39. THE MYTH OF MODERNITY

   
    As the bearer of the ideals of the Enlightenment, the myth of Modernity presents autonomous individuals as creators of their own unique identities, masters of the universe through the knowledge provided by scientific advances, co-authors of ideal societies, lords of history, and arbiters of their own destiny.

     As a literary construct, it interweaves idealist conventions forged by Plato, Aquinas' formulaic depiction of God, the myth of pure beginnings generated by Descartes' methodical doubt, Rousseau's romantic insistence that human beings are made unique, free and creative by nature rather than by God, and Kant's abstract conception of the autonomous individual who is the sole author of the text which inscribes his autobiography.

     The role of conventions derived from Plato's realm of Ideal Forms is particularly evident in the confidence that reasonable beings will co-author a social contract capable of constituting an ideal society.

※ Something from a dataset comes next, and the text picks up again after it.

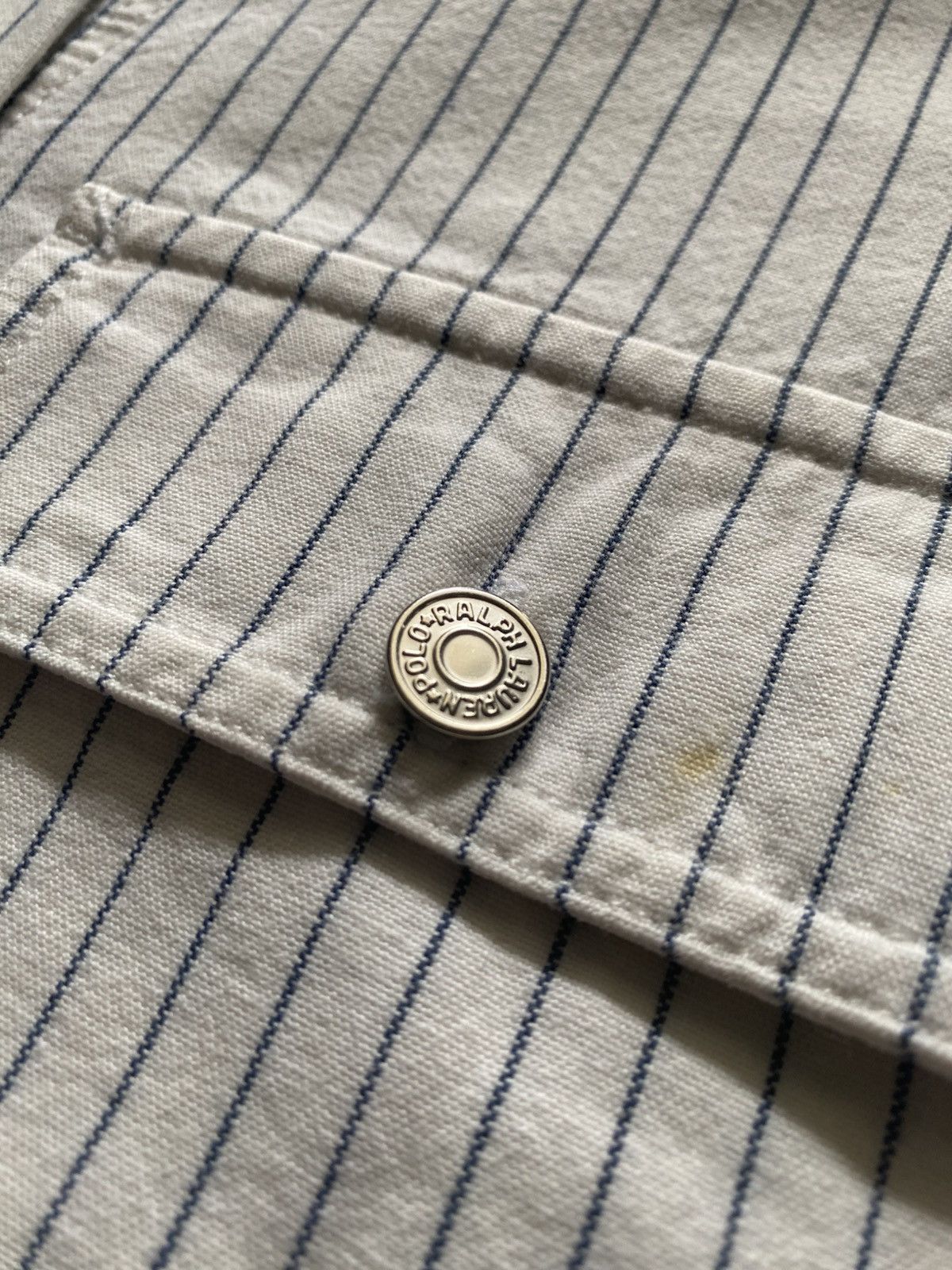 Polo Ralph Lauren Vintage 90’s Polo Ralph Lauren Dungarees Blue Stripe Shirt M Size US M / EU 48-50 / 2 - 8 Thumbnail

     The appropriation of Aquinas' depiction of God is equally obvious.  In his Summa Theologica, Aquinas presented God as a rational and purposive Creator of unique individuals who shared a universal human nature, the master of the universe, the author of a hierarchically structured social order, the lord of history, and the arbiter of human destiny.  To lend authority to their myth, Enlightenment authors simply replaced this abstract conception of God with Kant's equally abstract conception of the autonomous individual.

     To counter the traditional belief that God is active in human history, the myth placed autonomous individuals in a primordial state encoded in Descartes' myth of pure beginnings.  As Sartre's articulation of the human journey into the unknown dramatized, individuals who entered each moment of the journey of life as a pure beginning not only could, but had to create the sort of unique identities celebrated by a Rousseauean romanticism.  And since the replacement of God by autonomous individuals was seemingly accredited by the way that scientific advances conferred the ability to harness nature to human purposes, the equation of scientific knowledge and power by Roger Bacon accredited the belief that autonomous individuals were masters of the universe.

     The appropriation of the depiction of God as the Lord of history was more complicated.  Histories written by human beings are narratives designed to integrate the experience of memorable events in a coherent vision.  In this context, idealist conventions derived from Plato's posit were to legitimate ideologies which decreed that history moved, inexorably, toward a determinate end.

         (Paradigm examples of this dubious argument can be found in the works of Hegel and Marx.  Marx forged a hermeneutical theory capable of standing Hegel on his head because it revealed that the course of history was propelled by a dialectical structured matter.  With this peculiar conception of matter as his god-term, Marx developed a vision which defined the end of history as an ideal society governed by a single principle, "From each according to his abilities;  to each according to his needs."  And since history is the record of conflict among individuals, history would come to an end in an enduring state of eternal bliss.)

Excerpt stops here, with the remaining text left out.